Leo (Deon Meyer, trad. de l'afrikaans, Gallimard, 23 €) : L'excellent Deon Meyer nous revient avec son duo d'enquêteurs attachants, désormais promus à l'unité Crimes graves du poste de Stellenbosch. À la suite du décès suspect d'un avocat, ancien soldat des forces spéciales, les voilà partis dans une enquête des plus complexes , tout en jouant un contre-la-montre pour déjouer les plans d'un vol d'envergure. Au fil de cette intrigue passionnante, Deon Meyer montre aussi la gangrène de la corruption sud-africaine .
Le bruit de nos pas perdus (Benoît Séverac, La manufacture de Livres, 18€90) : Sous ce beau titre et cette couverture évocatrice se cache un roman policier profondément humain. Nous y suivons une équipe de la Crim' à Versailles, autant de personnages attachants, avec leur force et leur faiblesse, leur difficultés privées ou professionnelles. En enquêtant sur deux affaires en parallèle – un cadavre, mort de mort naturelle a été retrouvé inhumé dans le caveau d'une honorable famille versaillaise et le suicide suspect d'une jeune femme sans histoire -, nos policiers se trouvent confrontés à bon nombre des maux de la société : les migrants, l'esclavagisme moderne, la solitude, la parentalité, … Le tout est servi par la très belle plume de Benoit Séverac.

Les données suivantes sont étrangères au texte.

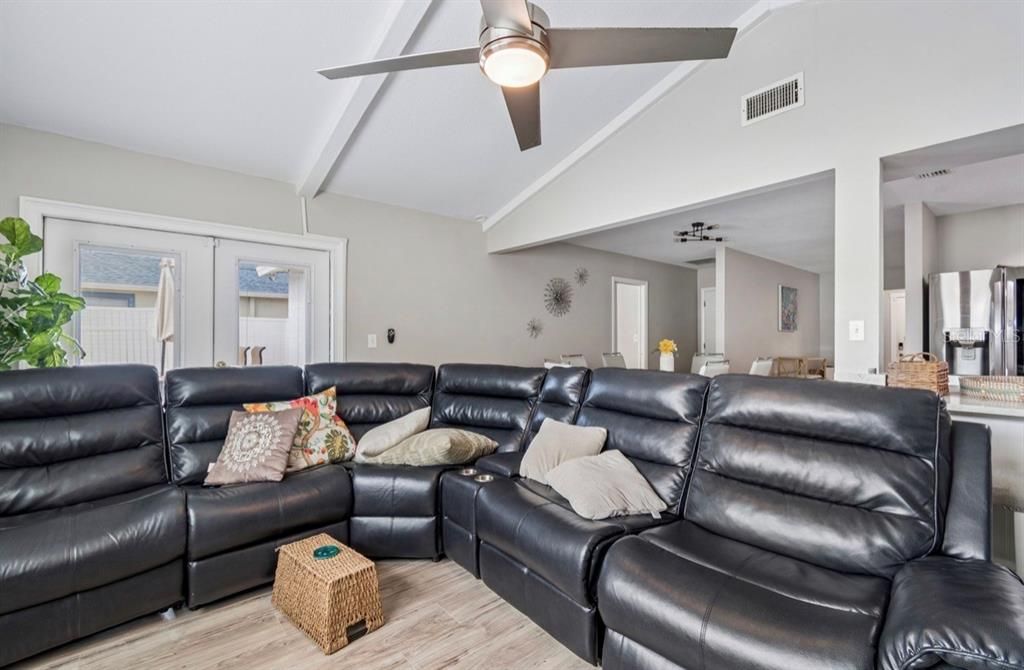 For Sale: $749,900 (5 beds, 3 baths, 2215 Square Feet)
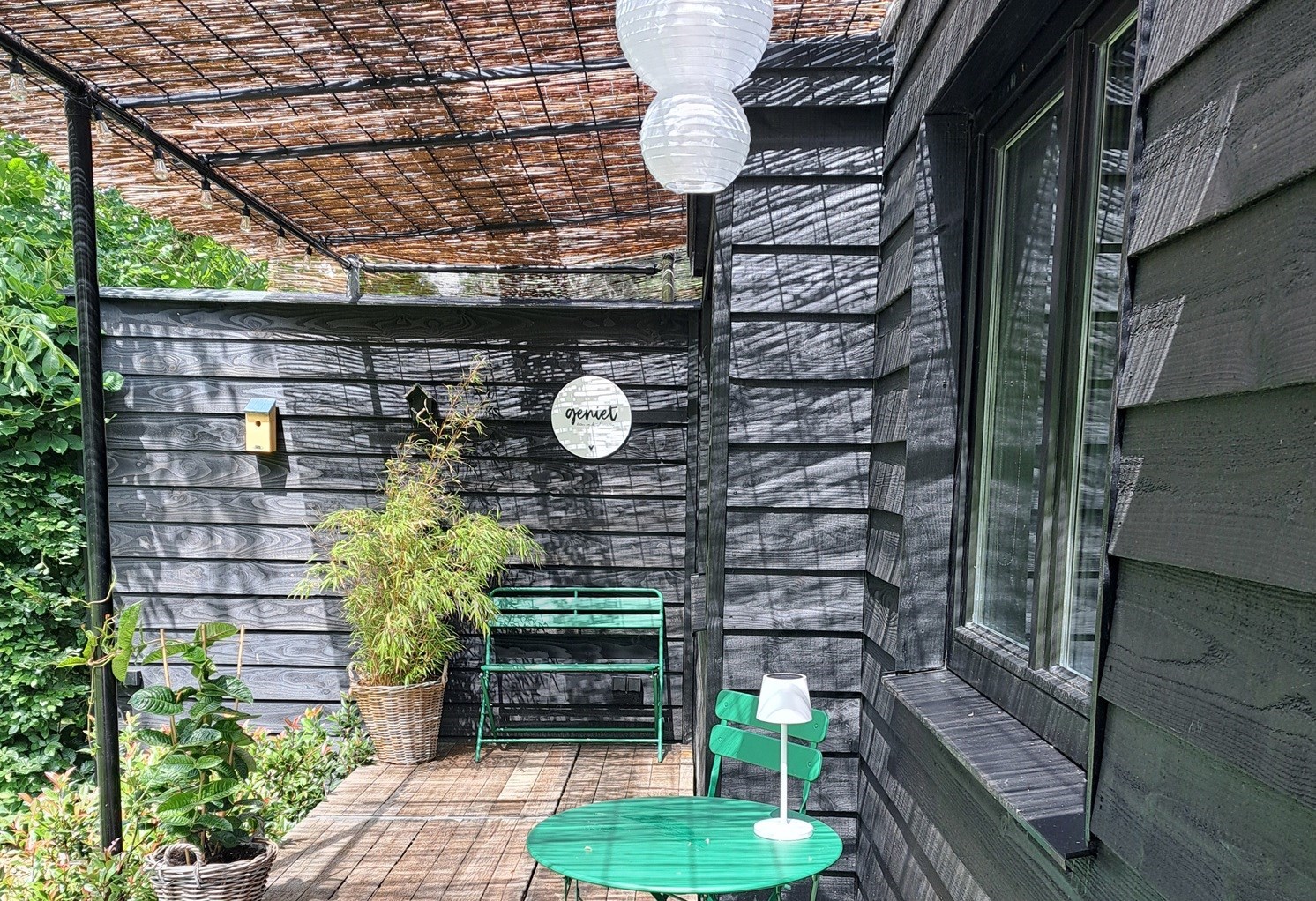 Origineel overnachten in een Tiny house in het smalste stukje Nederland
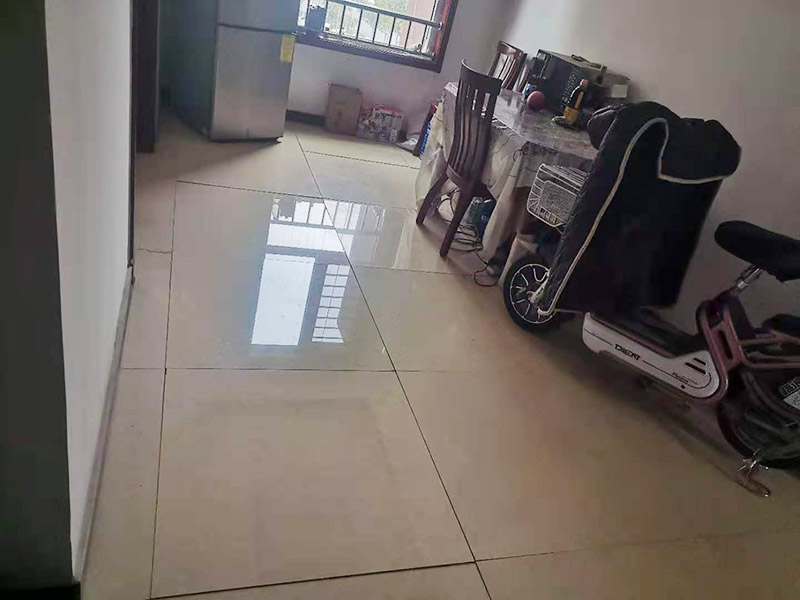 東陽(yáng)市鋪裝地磚師傅電話(huà)是多少？東陽(yáng)市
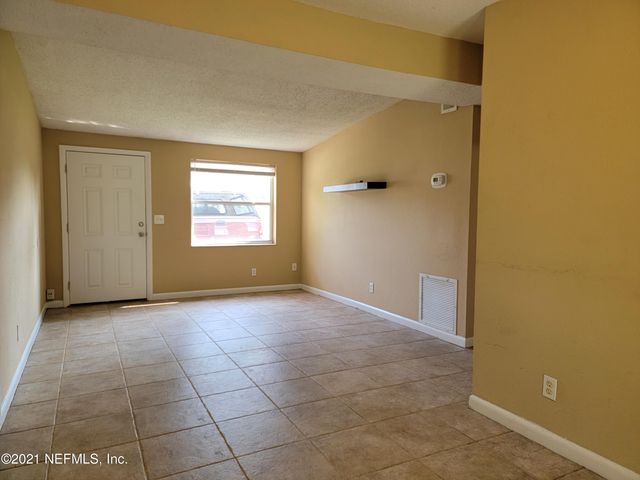 115 SARATOGA Circle S, Atlantic Beach, FL 32233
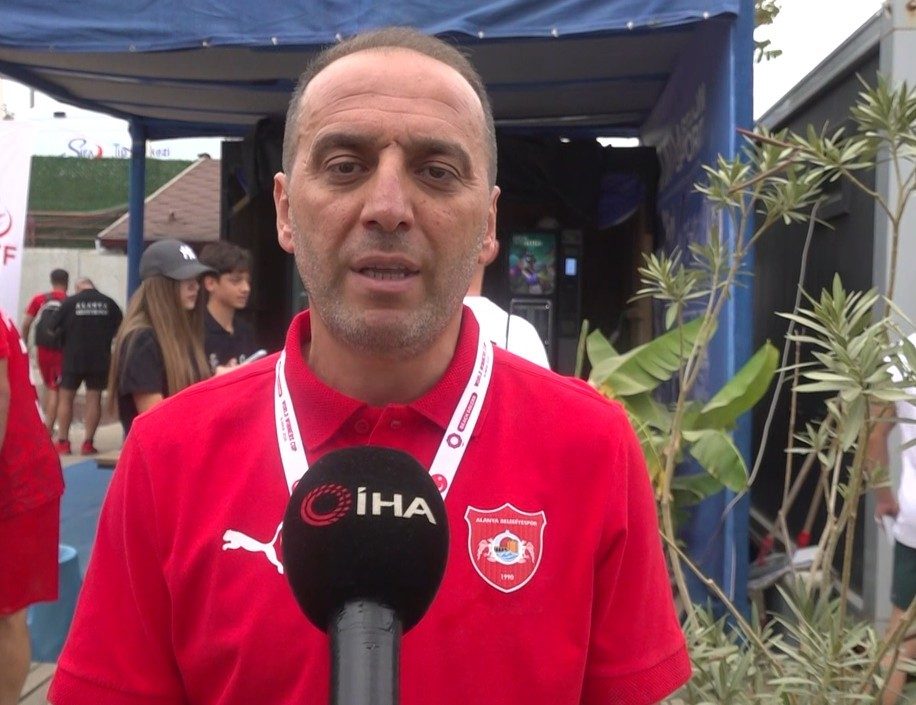 Alanya Belediyespor, Plaj Futbolu Dünya Kulüpler Şampiyonasına galibiyetle başladı - Foto 8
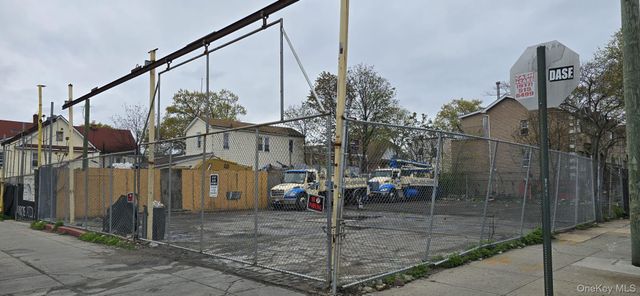 109-17 Sutphin Boulevard, Jamaica, NY 11435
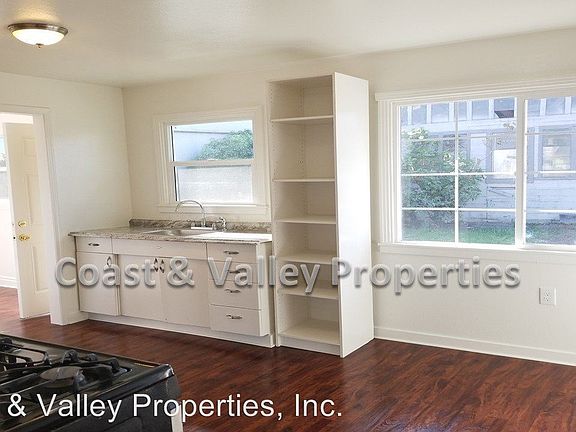 4th image of 11020 Crane St #B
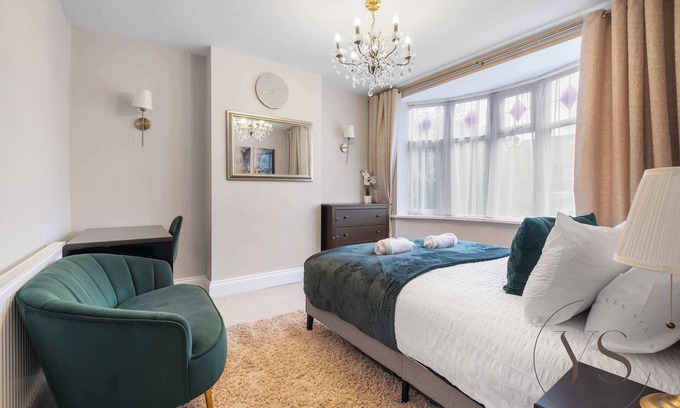 Wednesbury Casa | Family 5BR Home - Near M6, Parking & WiFi ❤️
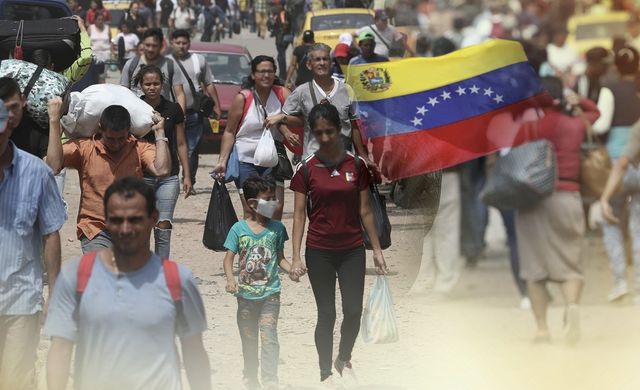 베네수엘라에서 탈출해 인근 국가로 향하는 난민들 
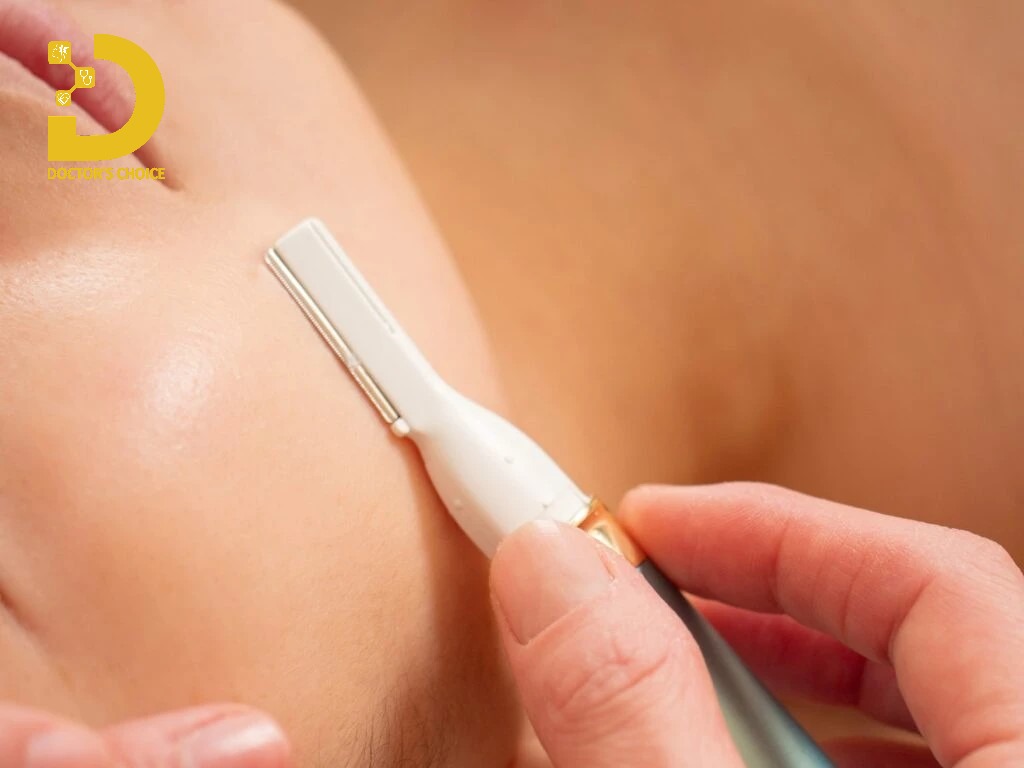 Sử dụng dao cạo là một trong những cách triệt lông mép phổ biến nhất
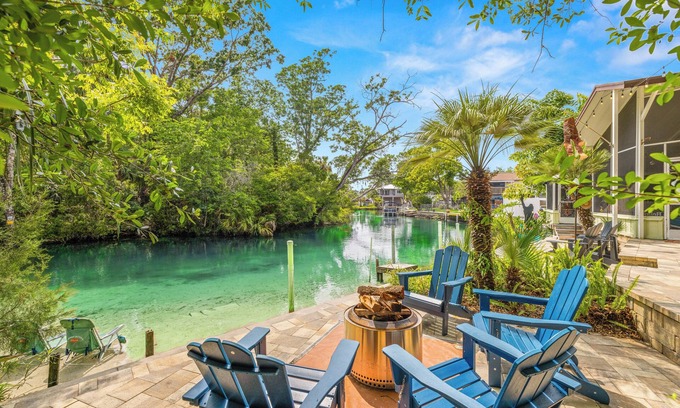 Weeki Wachee Gardens House | Stay directly on crystal clear waters of Weeki Wachee River with your own beach!
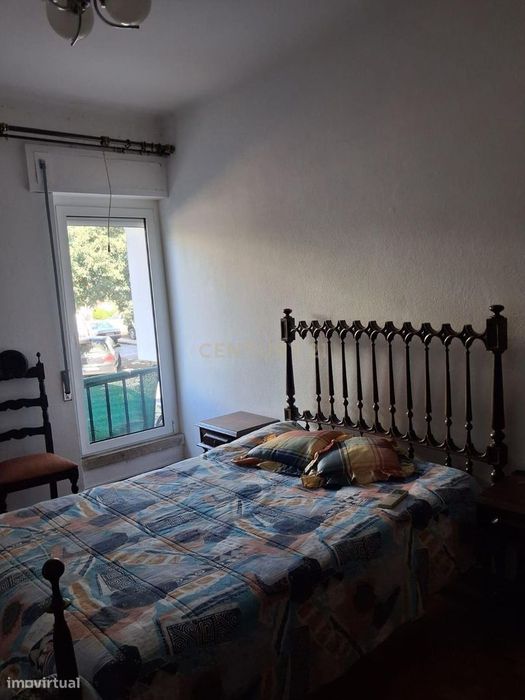 Apartamento para “ARRENDAMENTO”, de tipologia T3, com 1 WC, varanda co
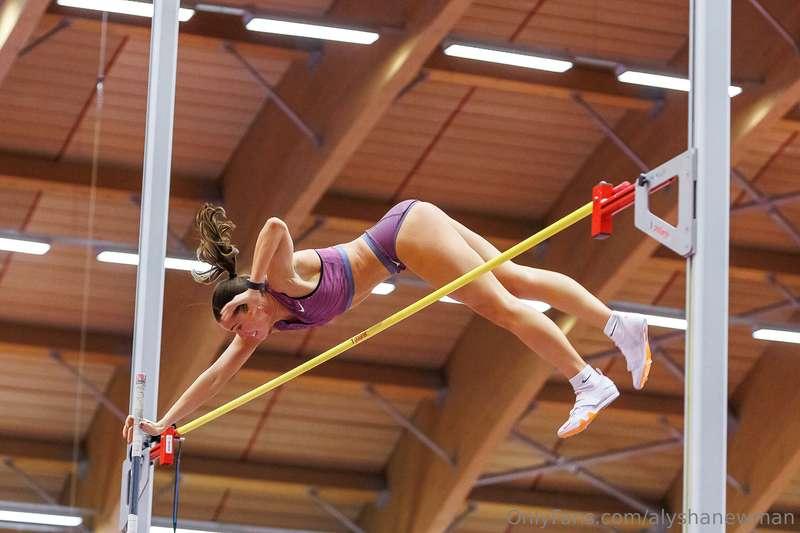 how I am flying into this weekend 🙈🤣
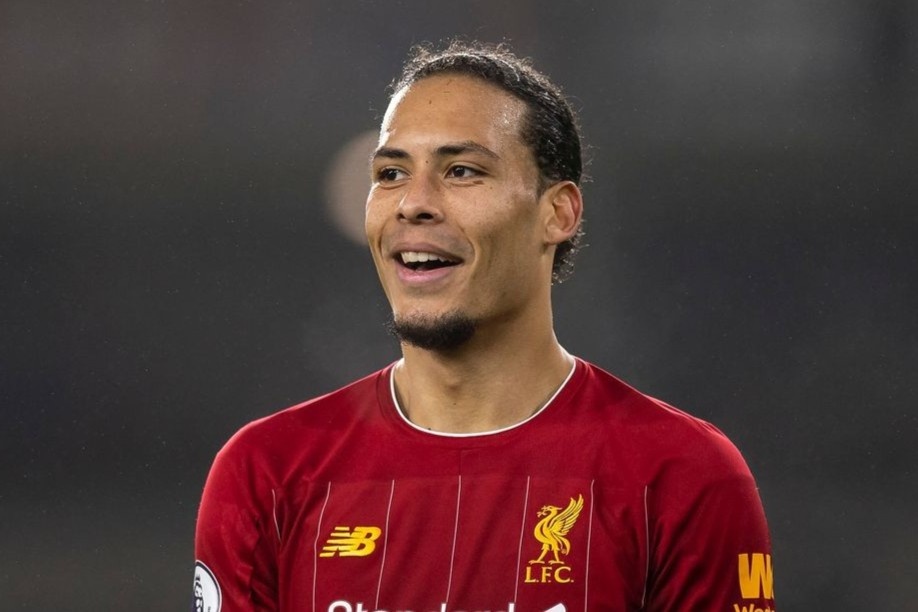 CDV phan khich voi pha thoat viet vi cua Van Dijk hinh anh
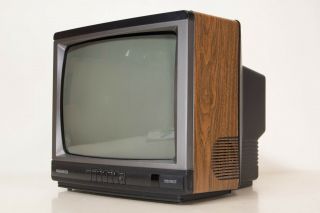 Vintage Magnavox Rr1337 - W101 Color Crt Tv Television Gaming Wood Grain Awesome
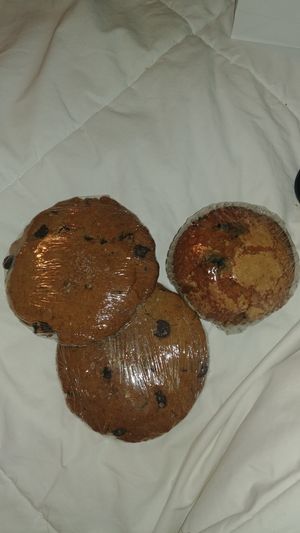 Vegan chocolate chip cookie and blueberry muffin at LifeSource Natural Foods in Salem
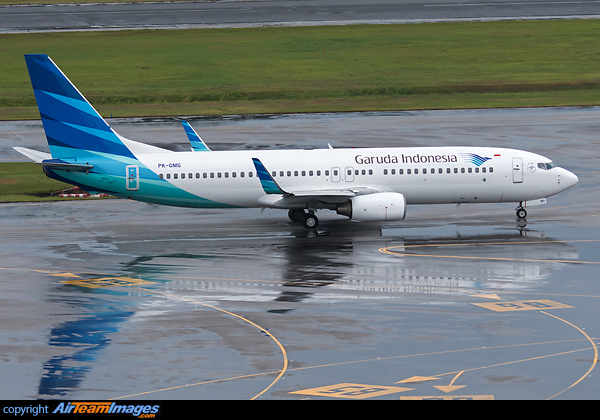 Boeing 737-8UG Boeing 737-8UG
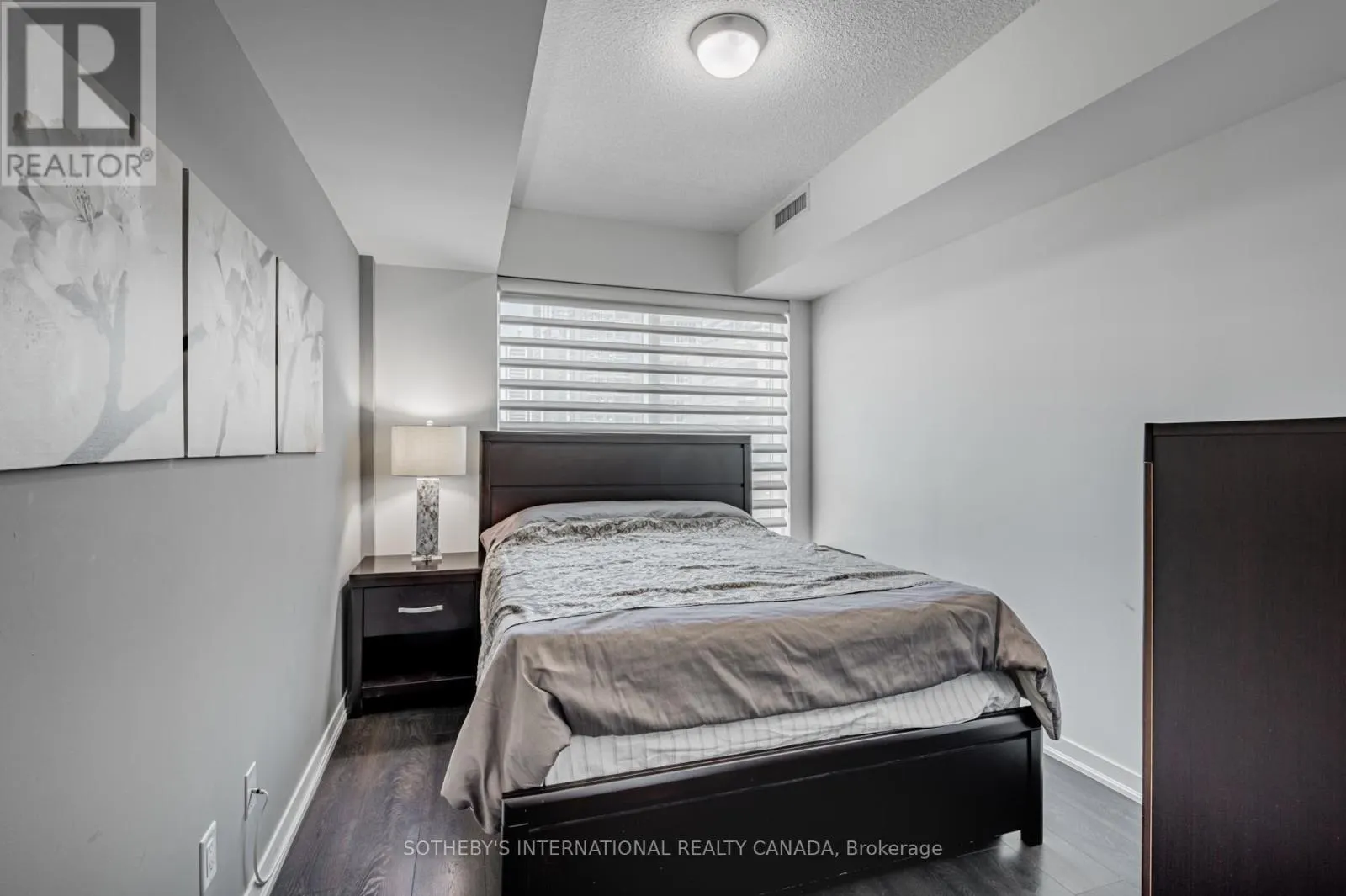 404 - 69 LYNN WILLIAMS STREET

Les stripteaseuses ont toujours besoin de conseils juridiques (Iain Levison, trad.de l'anglais (E.U.), Buchet-Chastel, 22 €) : Justin Sykes, un avocat qui tire le diable par la queue, se voit offrir mille dollars de l'heure pour offrir ses conseils aux filles d'un "gentleman's club". Une aubaine inespérée pour cet habitué des affaires minables. Mais peut-être devrait-il se poser quelques questions. Drôle et cinglant, Ian Levison s'attaque au système judiciaire américain à travers une comédie noire jubilatoire.